Wakil Menteri Komunikasi dan Digital (Wamenkomdigi) Nezar Patria mengungkapkan fakta mengkhawatirkan, di mana banyak ditemukan manipulasi usia yang membuat anak-anak bisa platform digital seperti media sosial.
Menurut Nezar, anak-anak cenderung melakukan manipulasi usia saat mendaftar di platform digital untuk menghindari batasan umur. Sebagai informasi, platform digital menerapkan pembatasan usia di bawah umur untuk bisa diakses.
Kondisi ini mendesak platform digital untuk tidak lagi hanya mengandalkan deklarasi tanggal lahir untuk mengenali usia penggunanya, melainkan mulai menerapkan teknologi deteksi usia berbasis perilaku atau age inferential.
SCROLL TO CONTINUE WITH CONTENT
"Platform umumnya digerakkan oleh mesin tanpa verifikasi mendalam. Ketika anak memalsukan umur, sistem menganggap mereka sudah 18 tahun, konten-konten dewasa, bahkan konten seksual, terpapar bebas ke mereka," ujar Wamenkomdigi dikutip dari siaran pers.
Lebih lanjut, Nezar mengatakan bahwa konten-konten dewasa kini mudah masuk ke lini masa anak-anak akibat celah verifikasi ini.

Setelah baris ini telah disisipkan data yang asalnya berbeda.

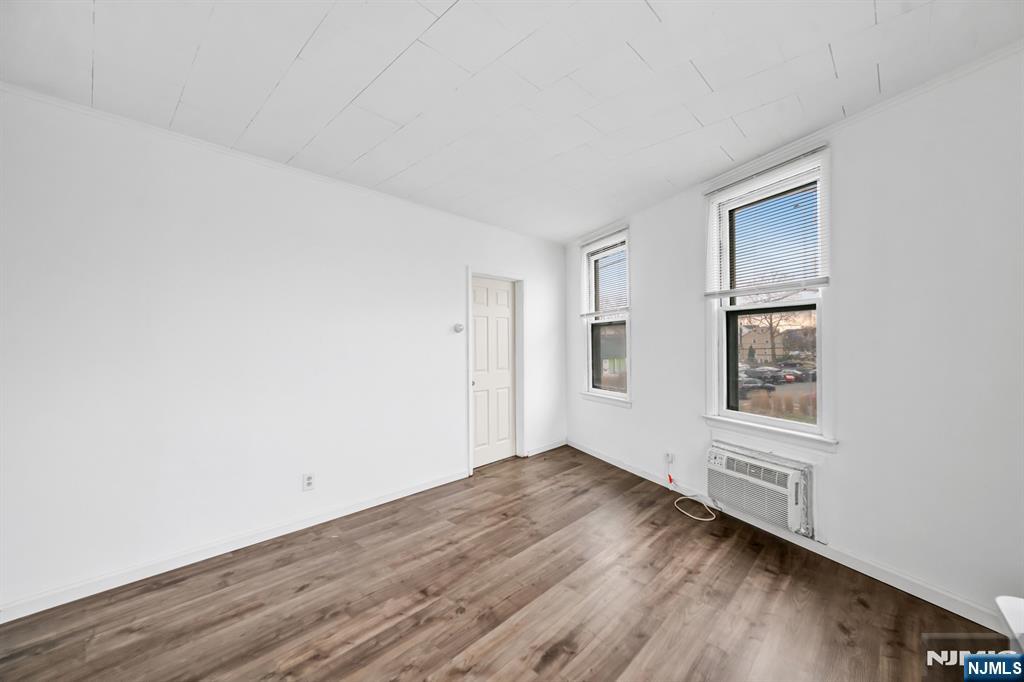 41 Avenue 29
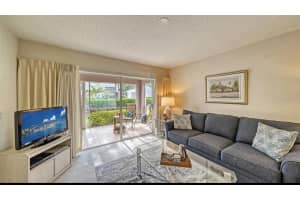 5655 SHEFFIELD GREENE CIRCLE, SARASOTA, FL 34235 - MLS#MFRA4671756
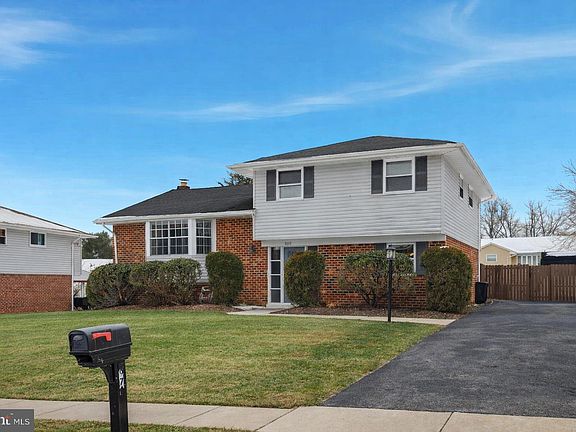 2nd image of 9713 Mendoza Rd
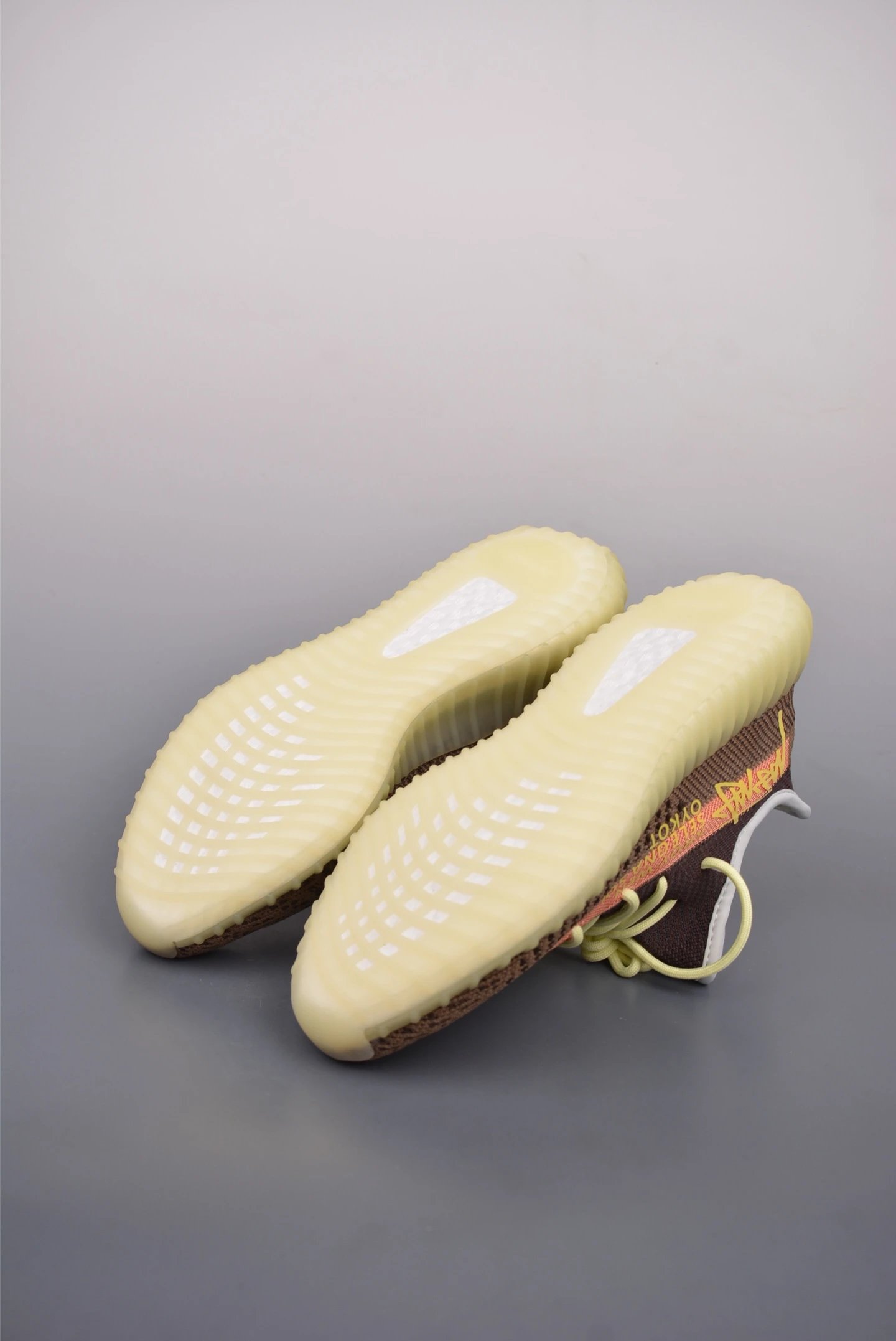 Yezzy 350 Boost Shoes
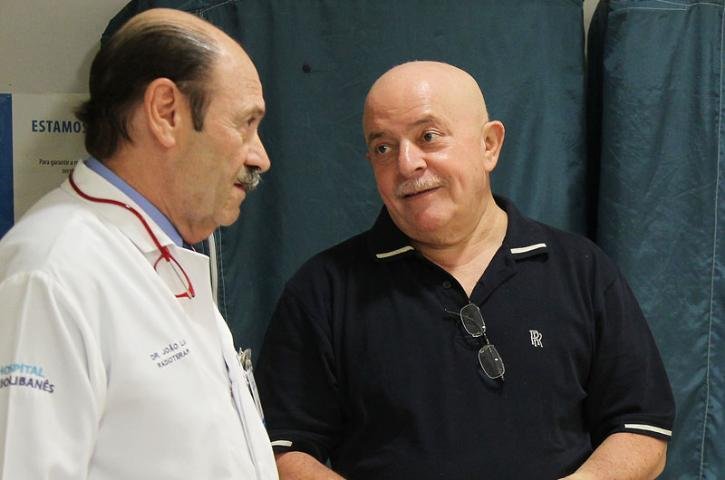 Lula deixa hospital ap&oacute;s primeira sess&atilde;o de radioterapia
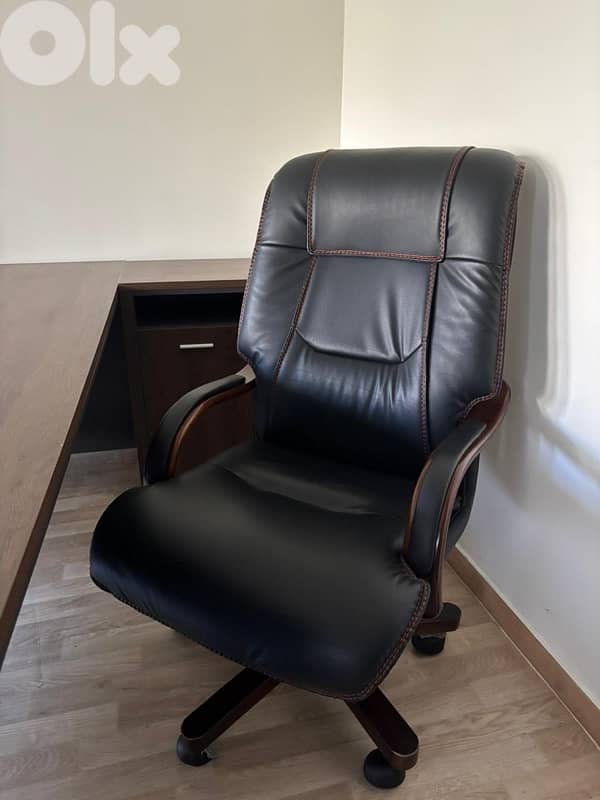 طقم مكتب شبه جديد للبيع 1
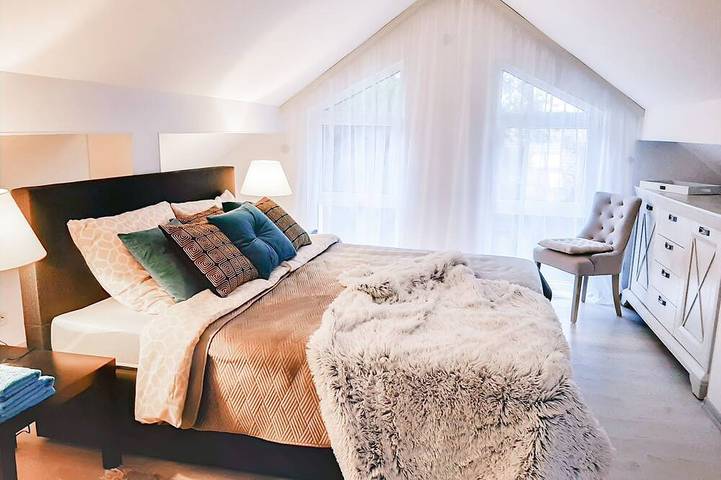 Ferienwohnung für 7 Personen, mit Balkon und Garten in Schiffweiler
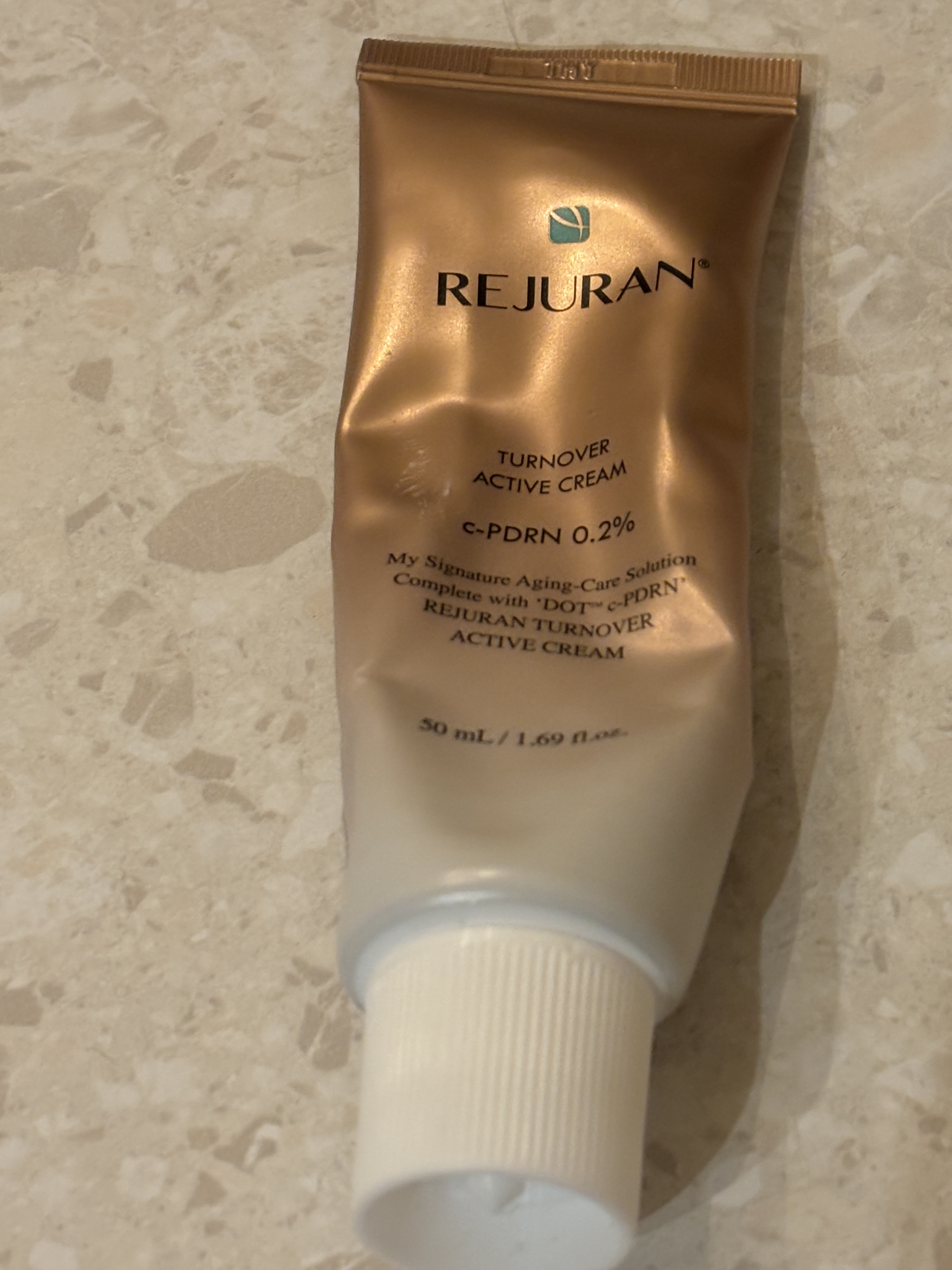 REJURAN ターンオーバーアクティブクリーム 50ml/REJURAN COSMETICS/フェイスクリームを使ったクチコミ（1枚目）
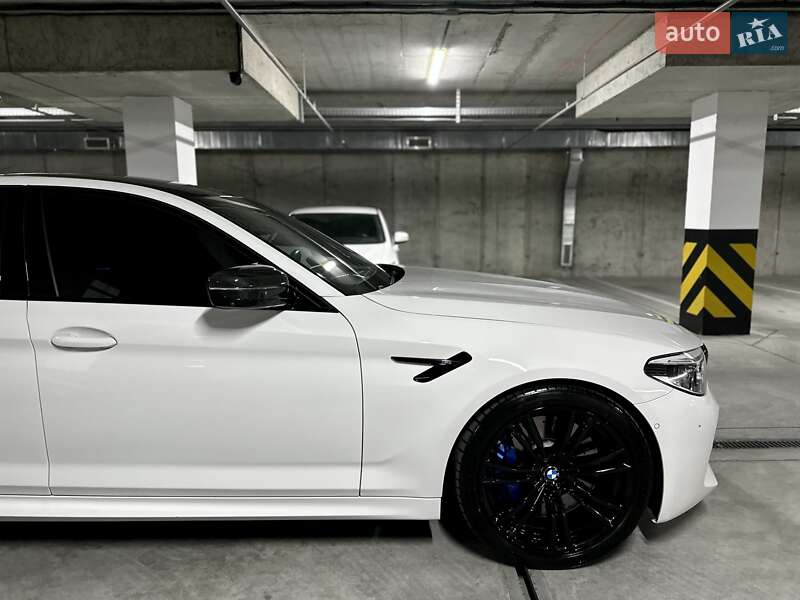 Седан BMW M5 2019 в Днепре
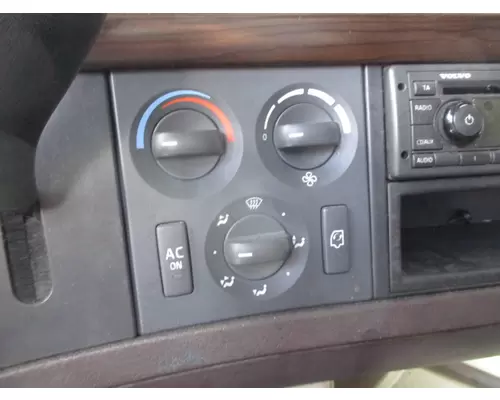 VOLVO VNL TEMPERATURE CONTROL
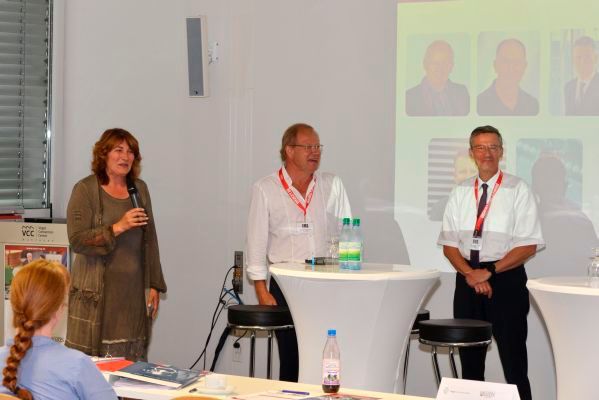 Claudia Mallok (links) führt durch die Diskussion. Mitte: Helmut Krautwurm. Rechts: Torsten Schindler. (Bild: Johannes Untch/Vogel Business Media)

Menghadapi tantangan tersebut, Komdigi mendorong Penyelenggara Sistem Elektronik (PSE) untuk mengadopsi solusi teknologi yang lebih canggih sebagai bagian dari implementasi Peraturan Pemerintah Nomor 17 Tahun 2025 tentang Tata Kelola Penyelenggaraan Sistem Elektronik dalam Pelindungan Anak (PP Tunas).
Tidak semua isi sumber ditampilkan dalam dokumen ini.